### [Entries supplied]
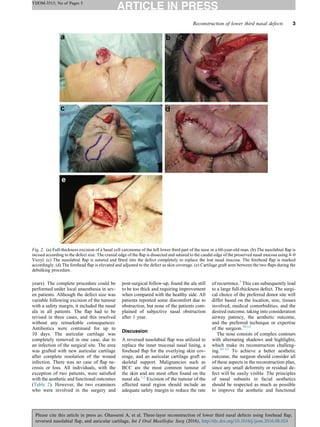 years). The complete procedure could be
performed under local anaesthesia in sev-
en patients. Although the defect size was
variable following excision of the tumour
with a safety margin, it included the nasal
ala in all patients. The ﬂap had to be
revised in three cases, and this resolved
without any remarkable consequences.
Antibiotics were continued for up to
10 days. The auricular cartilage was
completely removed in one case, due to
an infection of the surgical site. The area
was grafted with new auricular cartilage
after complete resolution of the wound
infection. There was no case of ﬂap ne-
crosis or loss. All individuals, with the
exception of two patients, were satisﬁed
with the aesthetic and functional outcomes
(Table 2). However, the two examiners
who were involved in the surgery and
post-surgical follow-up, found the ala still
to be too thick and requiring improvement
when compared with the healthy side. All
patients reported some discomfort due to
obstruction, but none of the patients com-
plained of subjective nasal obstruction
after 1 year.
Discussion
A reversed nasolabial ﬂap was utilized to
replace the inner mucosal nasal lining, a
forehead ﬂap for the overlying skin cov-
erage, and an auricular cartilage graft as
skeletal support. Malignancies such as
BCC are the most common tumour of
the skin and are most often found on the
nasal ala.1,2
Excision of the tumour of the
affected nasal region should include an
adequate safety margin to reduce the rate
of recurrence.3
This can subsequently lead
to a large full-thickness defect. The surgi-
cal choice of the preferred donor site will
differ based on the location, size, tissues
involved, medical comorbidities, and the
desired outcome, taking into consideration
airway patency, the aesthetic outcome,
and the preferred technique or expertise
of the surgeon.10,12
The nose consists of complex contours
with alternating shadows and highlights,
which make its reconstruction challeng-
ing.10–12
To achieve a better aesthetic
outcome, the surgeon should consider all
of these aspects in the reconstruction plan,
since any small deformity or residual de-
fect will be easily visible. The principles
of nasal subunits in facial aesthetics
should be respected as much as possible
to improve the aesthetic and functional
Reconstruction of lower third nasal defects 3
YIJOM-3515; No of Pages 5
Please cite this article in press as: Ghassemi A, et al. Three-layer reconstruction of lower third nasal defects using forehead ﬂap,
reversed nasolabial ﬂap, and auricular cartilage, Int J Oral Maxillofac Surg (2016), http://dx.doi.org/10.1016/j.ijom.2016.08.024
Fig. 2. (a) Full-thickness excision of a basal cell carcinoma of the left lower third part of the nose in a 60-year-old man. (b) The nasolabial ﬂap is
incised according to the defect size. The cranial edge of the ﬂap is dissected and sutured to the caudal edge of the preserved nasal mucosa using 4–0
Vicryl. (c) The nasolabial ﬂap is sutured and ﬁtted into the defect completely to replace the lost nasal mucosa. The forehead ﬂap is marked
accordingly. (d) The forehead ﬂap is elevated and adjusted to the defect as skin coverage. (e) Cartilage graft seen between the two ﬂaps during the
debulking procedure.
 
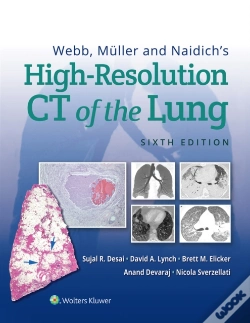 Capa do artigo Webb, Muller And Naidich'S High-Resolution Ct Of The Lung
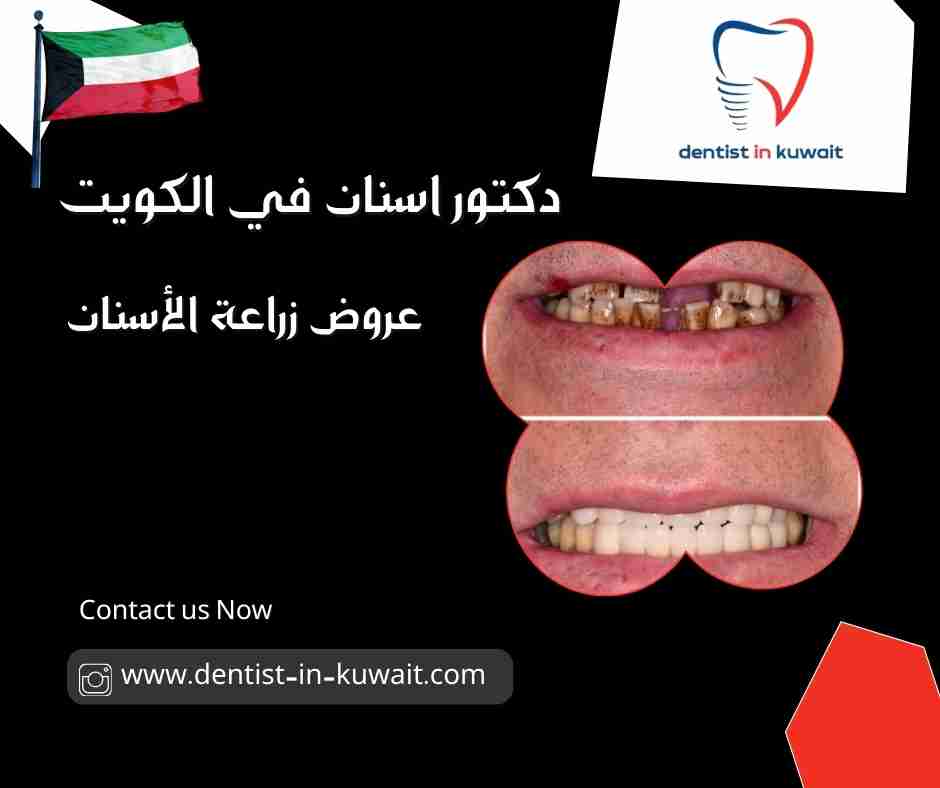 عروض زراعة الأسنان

==

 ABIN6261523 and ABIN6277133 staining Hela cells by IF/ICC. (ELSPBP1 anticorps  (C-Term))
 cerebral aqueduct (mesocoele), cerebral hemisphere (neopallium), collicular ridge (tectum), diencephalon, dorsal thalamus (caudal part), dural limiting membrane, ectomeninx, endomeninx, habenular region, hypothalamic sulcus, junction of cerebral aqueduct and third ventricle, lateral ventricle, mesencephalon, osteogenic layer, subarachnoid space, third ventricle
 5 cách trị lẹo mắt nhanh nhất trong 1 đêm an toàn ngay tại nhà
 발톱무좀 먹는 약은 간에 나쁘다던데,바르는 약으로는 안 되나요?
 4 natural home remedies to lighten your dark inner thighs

### [Exercise description]
Retrieve all lines from the data that contain the string "safety".

### [Written answer]
with a safety margin, it included the nasal
adequate safety margin to reduce the rate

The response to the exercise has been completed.